--- Records for this exercise ---

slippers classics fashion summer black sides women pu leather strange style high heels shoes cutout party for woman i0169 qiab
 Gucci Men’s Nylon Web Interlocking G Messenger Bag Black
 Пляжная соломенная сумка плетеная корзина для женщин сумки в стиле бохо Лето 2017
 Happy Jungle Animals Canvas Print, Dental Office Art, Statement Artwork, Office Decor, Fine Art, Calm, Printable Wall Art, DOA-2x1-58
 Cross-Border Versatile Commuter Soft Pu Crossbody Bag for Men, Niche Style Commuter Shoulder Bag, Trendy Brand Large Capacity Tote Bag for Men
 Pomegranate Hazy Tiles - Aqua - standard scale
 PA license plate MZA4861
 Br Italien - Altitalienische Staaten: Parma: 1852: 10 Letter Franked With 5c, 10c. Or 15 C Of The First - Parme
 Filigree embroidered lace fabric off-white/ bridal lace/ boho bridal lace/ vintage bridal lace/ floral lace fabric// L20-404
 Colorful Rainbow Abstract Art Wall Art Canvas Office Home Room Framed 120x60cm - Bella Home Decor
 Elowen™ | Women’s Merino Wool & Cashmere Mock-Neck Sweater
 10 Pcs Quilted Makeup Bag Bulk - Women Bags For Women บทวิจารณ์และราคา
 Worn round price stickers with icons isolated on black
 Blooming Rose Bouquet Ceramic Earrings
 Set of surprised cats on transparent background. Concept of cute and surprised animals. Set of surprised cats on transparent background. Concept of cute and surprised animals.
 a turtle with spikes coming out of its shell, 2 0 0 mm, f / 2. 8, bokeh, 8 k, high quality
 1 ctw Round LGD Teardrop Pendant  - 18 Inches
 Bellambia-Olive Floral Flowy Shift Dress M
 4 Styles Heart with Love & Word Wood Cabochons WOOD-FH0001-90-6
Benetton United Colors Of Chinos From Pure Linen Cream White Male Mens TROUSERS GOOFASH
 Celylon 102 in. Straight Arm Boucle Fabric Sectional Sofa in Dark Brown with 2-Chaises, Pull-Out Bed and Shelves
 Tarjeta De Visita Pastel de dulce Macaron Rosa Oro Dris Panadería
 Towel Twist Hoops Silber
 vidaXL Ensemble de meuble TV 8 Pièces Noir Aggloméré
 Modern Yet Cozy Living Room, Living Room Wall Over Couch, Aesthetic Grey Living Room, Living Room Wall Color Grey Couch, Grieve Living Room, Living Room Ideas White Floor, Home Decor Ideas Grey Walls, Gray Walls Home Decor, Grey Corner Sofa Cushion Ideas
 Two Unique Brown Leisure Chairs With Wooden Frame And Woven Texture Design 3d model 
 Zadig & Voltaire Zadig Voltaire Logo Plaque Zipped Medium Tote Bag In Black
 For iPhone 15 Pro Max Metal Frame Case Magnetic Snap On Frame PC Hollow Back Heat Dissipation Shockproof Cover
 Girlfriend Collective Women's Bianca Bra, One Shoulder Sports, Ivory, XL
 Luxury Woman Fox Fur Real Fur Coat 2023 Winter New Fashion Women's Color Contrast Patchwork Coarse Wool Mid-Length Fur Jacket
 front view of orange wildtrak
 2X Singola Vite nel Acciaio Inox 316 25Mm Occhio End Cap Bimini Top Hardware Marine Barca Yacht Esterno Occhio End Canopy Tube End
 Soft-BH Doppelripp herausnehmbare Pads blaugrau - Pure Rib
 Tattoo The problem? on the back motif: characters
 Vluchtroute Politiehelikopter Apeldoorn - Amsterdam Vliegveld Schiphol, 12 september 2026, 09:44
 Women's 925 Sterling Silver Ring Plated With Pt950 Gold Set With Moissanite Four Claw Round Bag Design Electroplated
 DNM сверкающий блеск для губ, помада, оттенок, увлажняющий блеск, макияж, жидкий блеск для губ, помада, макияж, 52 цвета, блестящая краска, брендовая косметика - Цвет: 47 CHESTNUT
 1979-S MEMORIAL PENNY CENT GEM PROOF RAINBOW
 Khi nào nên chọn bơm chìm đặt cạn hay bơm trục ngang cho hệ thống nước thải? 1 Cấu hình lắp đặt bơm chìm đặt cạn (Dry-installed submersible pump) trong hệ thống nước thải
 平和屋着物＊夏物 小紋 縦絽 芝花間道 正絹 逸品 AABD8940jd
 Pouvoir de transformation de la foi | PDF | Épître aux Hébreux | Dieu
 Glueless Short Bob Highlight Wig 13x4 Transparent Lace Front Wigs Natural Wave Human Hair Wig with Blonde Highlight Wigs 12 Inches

--- What the task requires ---
For the string "Tote", filter the data and copy out each line where it occurs.

--- Output of the exercise ---
 Cross-Border Versatile Commuter Soft Pu Crossbody Bag for Men, Niche Style Commuter Shoulder Bag, Trendy Brand Large Capacity Tote Bag for Men
 Zadig & Voltaire Zadig Voltaire Logo Plaque Zipped Medium Tote Bag In Black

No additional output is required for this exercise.